At Rescigno’s, we suggest a 5-step process that includes acquisition followed by a nurturing phase:

  1. Before sending a newsletter to a mass audience (acquisition), create a targeted list that you will nurture before the newsletter goes out.

  2. Test frequent and infrequent donors to see if it matters.

  3. Devise other ways to segment your list—like volunteers or participants in events, for example.

  4. Acquisition efforts should try to get your prospects to self-identify where they are in the consideration process and what topics they are interested in.

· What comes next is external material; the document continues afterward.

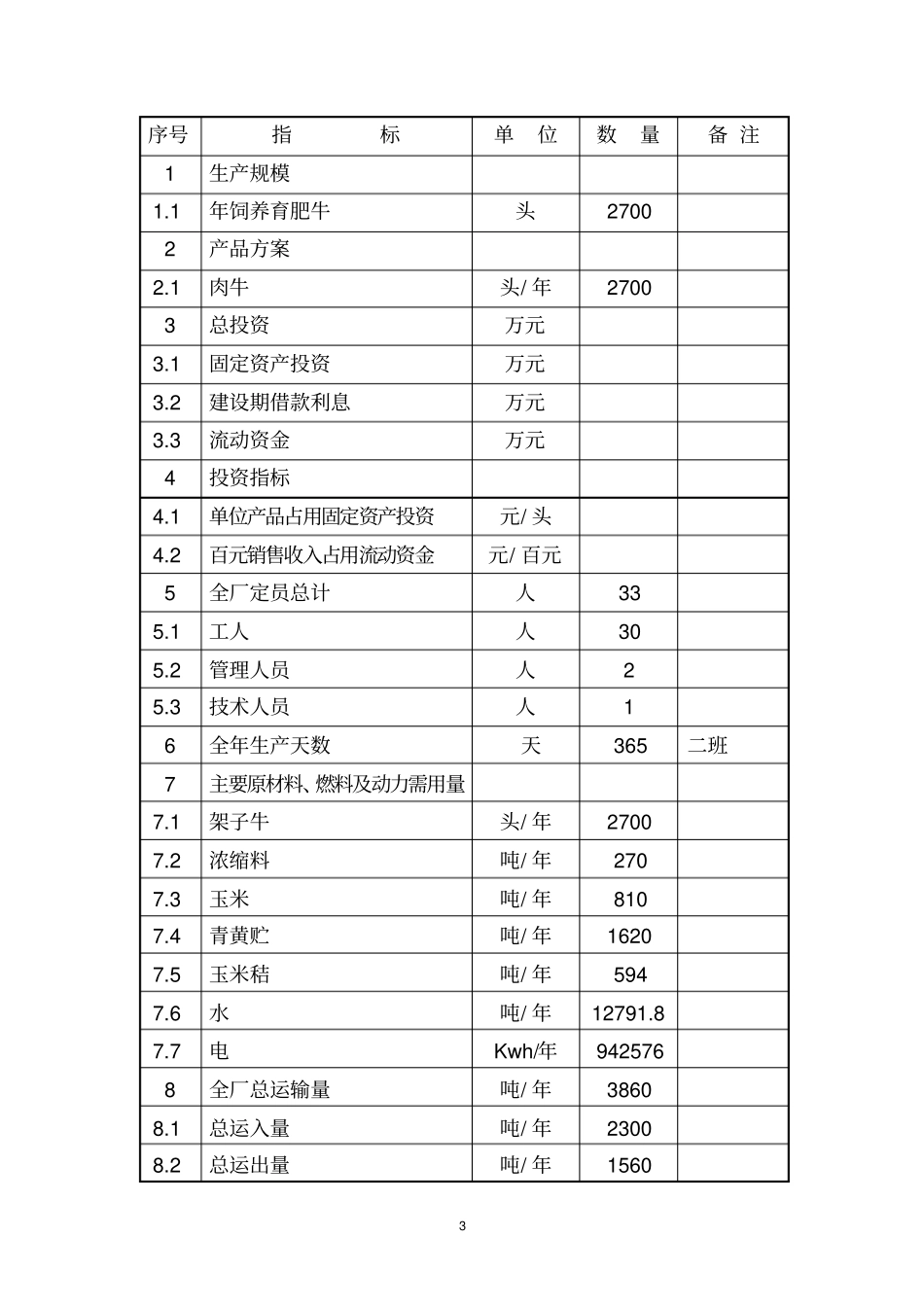 肉牛饲养可行性研究报告_第3页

  5. When you’ve determined who is interested, what they’re interested in, and where they are in the consideration process- then you should educate them with valuable information sent with enough frequency to make your point.

  6. Send relevant information to each prospect for planned giving. Personalized communications engage prospects and deliver value. A one-size-fits-all approach won’t be successful, but will be expensive. Think of it this way – would you want a newsletter that includes several topics you aren’t interested in or one that gives you information you care about?

If you’re at a stage in your nonprofit’s life cycle where planned giving discussions are appropriate, Rescigno’s recommends spending a proportionate amount of your budget on acquisition so you can find planned giving prospects who will make their interests known as well as where they are in the consideration process. Then, invest in a smaller, more qualified list that uses the information from the acquisition you did to send frequent, highly-personalized, relevant educational information.